» TASK GOAL
The copy should run from the line containing "Terrain de 500 m²" through the last line of the entries below, exactly as written, with pictures omitted.

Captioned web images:
+ + +
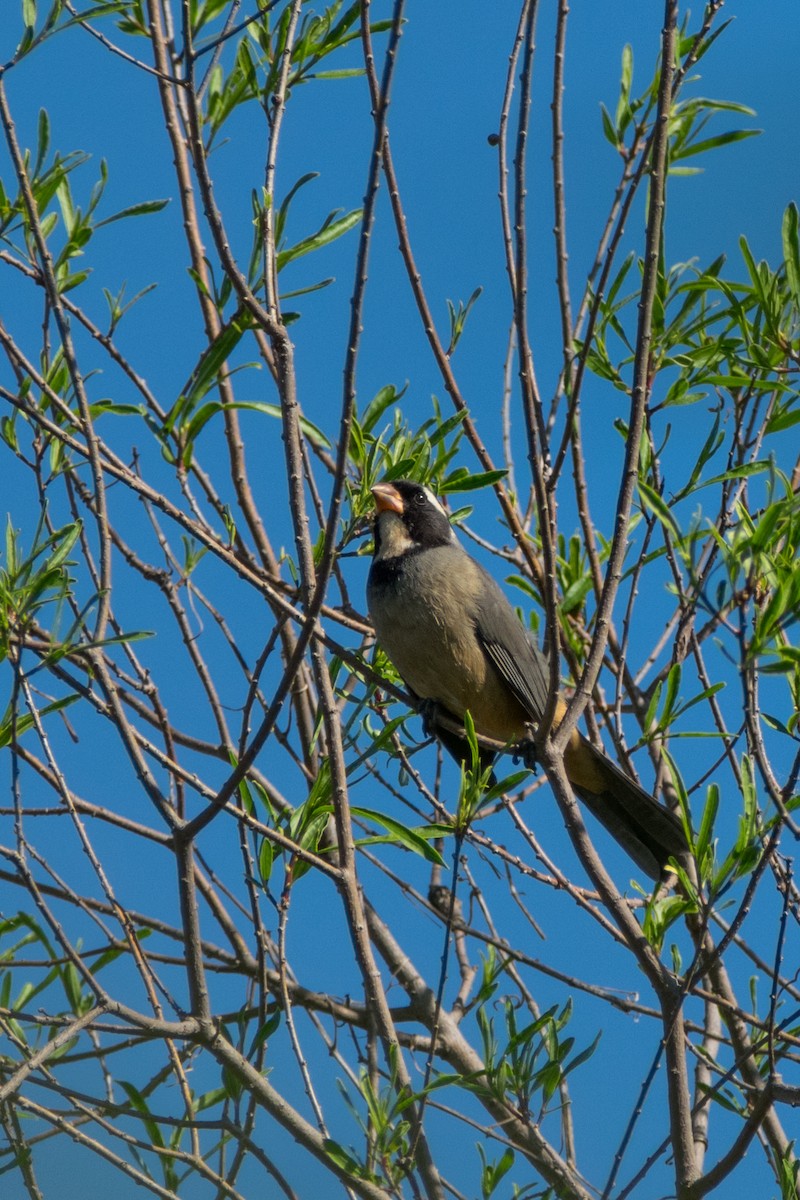 Golden-billed Saltator - ML643738167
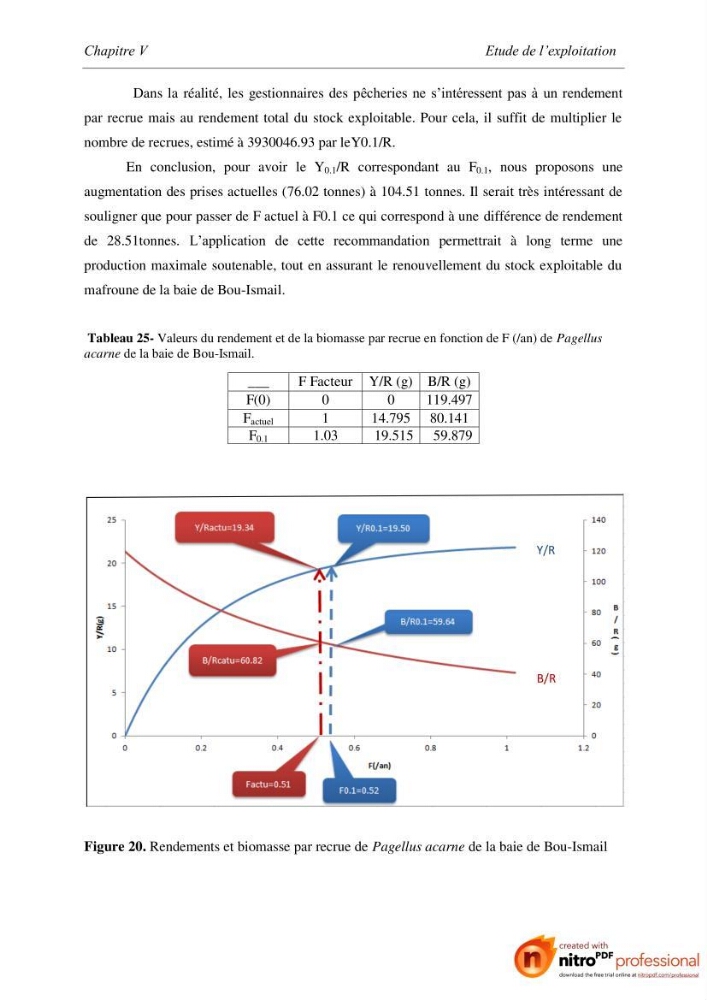Contribution à l\'étude de l\'exploitation de Pagellus acarne (Risso, 1826) de la baie de Bou-ismail:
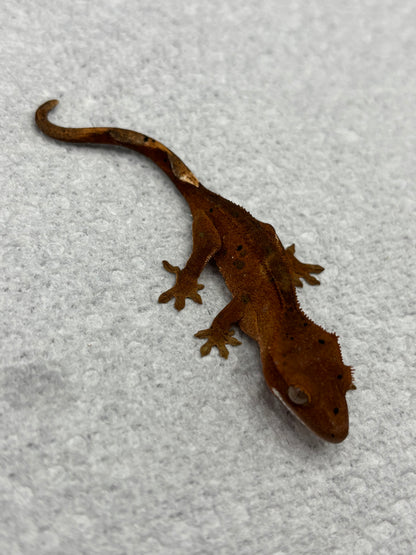 *Honeycrisp* Red Super Dalmatian Hatchling (Details in Description)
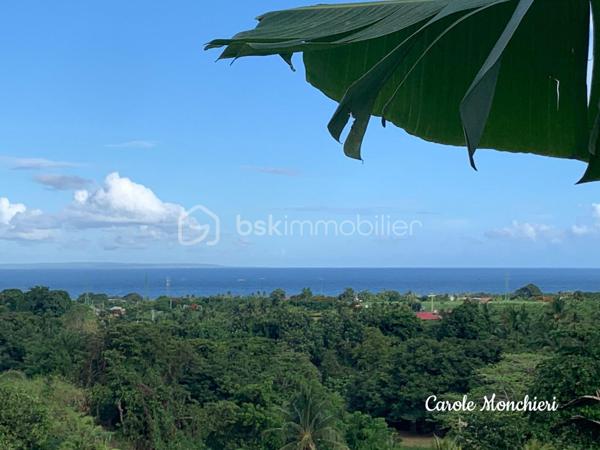 Terrain de 500 m²
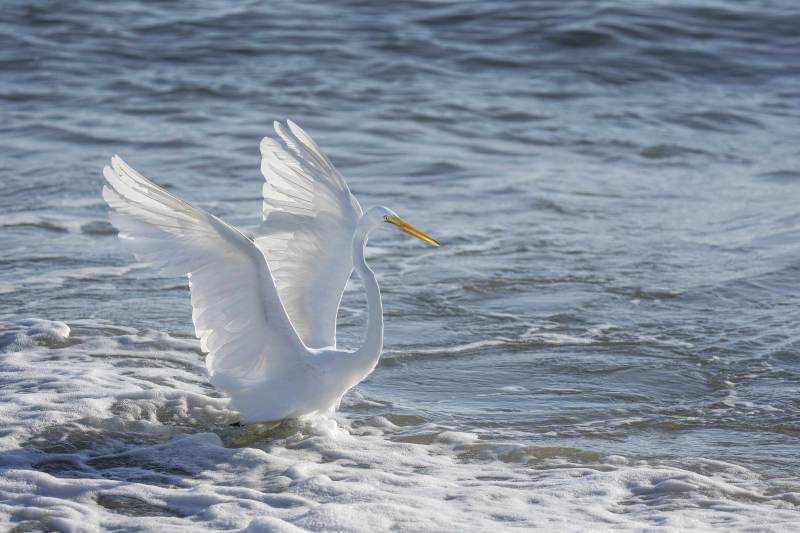 Great-Egret-3200-backlit-with-wings-raised-_DSC3853-Sebastian-Inlet-State-Park-FL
+ + +
» TASK RESULT
 Terrain de 500 m²
 Great-Egret-3200-backlit-with-wings-raised-_DSC3853-Sebastian-Inlet-State-Park-FL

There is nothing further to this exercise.